Collection entries:
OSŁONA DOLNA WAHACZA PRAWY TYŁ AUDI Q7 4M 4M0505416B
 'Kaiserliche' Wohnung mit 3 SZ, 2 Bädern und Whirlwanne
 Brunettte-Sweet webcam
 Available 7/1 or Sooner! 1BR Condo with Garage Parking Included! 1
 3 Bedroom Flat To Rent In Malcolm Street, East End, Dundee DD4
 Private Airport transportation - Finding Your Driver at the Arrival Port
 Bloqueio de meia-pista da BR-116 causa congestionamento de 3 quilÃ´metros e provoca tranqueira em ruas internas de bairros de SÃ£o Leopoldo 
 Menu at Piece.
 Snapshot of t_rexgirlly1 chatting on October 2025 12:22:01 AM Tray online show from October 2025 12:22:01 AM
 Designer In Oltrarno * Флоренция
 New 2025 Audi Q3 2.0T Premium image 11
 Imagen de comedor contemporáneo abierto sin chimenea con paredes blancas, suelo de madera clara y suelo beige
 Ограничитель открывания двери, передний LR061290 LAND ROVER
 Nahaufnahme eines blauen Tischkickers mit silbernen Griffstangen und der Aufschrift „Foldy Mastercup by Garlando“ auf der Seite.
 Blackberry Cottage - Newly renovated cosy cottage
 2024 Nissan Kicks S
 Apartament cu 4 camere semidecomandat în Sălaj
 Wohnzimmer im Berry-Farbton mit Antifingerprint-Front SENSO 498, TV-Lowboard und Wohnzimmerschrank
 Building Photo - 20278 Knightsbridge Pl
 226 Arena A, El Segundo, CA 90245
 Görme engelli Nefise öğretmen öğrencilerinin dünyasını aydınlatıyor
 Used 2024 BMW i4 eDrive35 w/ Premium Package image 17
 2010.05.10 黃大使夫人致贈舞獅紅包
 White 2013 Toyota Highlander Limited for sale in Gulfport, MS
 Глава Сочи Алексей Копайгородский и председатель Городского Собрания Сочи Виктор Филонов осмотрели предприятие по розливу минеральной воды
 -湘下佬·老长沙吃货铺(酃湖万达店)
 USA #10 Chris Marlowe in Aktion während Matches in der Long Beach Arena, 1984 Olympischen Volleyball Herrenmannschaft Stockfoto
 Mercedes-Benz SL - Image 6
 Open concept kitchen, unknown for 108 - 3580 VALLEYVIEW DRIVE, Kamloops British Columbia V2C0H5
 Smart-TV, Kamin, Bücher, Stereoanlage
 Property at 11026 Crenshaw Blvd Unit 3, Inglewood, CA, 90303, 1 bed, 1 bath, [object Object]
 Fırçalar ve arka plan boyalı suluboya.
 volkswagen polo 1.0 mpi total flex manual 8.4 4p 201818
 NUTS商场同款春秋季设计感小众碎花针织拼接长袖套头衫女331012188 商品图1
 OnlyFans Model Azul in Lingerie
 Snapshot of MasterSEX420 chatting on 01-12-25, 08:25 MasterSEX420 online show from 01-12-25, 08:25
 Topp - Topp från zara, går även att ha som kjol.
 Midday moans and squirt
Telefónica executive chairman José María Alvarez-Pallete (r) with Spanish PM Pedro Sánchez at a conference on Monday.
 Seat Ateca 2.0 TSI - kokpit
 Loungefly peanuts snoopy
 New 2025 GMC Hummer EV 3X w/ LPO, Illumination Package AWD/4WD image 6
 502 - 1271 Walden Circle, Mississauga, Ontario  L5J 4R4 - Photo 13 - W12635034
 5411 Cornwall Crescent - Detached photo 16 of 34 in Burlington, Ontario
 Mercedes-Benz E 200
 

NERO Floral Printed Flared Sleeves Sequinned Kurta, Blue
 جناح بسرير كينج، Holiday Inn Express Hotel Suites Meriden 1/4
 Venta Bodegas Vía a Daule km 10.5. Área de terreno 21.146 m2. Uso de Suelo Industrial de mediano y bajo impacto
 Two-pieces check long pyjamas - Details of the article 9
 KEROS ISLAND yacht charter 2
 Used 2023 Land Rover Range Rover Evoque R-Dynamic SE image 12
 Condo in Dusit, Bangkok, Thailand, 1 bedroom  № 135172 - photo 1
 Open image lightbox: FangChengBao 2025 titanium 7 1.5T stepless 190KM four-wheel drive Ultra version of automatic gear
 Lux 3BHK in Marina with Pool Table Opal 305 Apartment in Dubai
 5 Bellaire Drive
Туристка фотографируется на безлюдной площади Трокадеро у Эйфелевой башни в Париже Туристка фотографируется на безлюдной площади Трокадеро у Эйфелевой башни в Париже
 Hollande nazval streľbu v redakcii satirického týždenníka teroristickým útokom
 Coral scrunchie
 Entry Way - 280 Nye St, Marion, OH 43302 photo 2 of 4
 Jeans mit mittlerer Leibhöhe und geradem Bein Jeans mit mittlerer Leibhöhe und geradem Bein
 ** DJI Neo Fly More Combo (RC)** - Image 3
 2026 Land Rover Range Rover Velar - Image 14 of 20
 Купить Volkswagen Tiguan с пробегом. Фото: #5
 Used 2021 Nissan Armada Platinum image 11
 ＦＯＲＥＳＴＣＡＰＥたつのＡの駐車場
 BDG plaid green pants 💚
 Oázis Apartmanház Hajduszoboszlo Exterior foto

ACTIVITY
Copy the lines of the data above exactly as written, beginning with the line containing "Mercedes-Benz SL - Image 6" and ending with the line containing "Topp - Topp", and leave out all other lines.

RESPONSE TO THIS TASK
 Mercedes-Benz SL - Image 6
 Open concept kitchen, unknown for 108 - 3580 VALLEYVIEW DRIVE, Kamloops British Columbia V2C0H5
 Smart-TV, Kamin, Bücher, Stereoanlage
 Property at 11026 Crenshaw Blvd Unit 3, Inglewood, CA, 90303, 1 bed, 1 bath, [object Object]
 Fırçalar ve arka plan boyalı suluboya.
 volkswagen polo 1.0 mpi total flex manual 8.4 4p 201818
 NUTS商场同款春秋季设计感小众碎花针织拼接长袖套头衫女331012188 商品图1
 OnlyFans Model Azul in Lingerie
 Snapshot of MasterSEX420 chatting on 01-12-25, 08:25 MasterSEX420 online show from 01-12-25, 08:25
 Topp - Topp från zara, går även att ha som kjol.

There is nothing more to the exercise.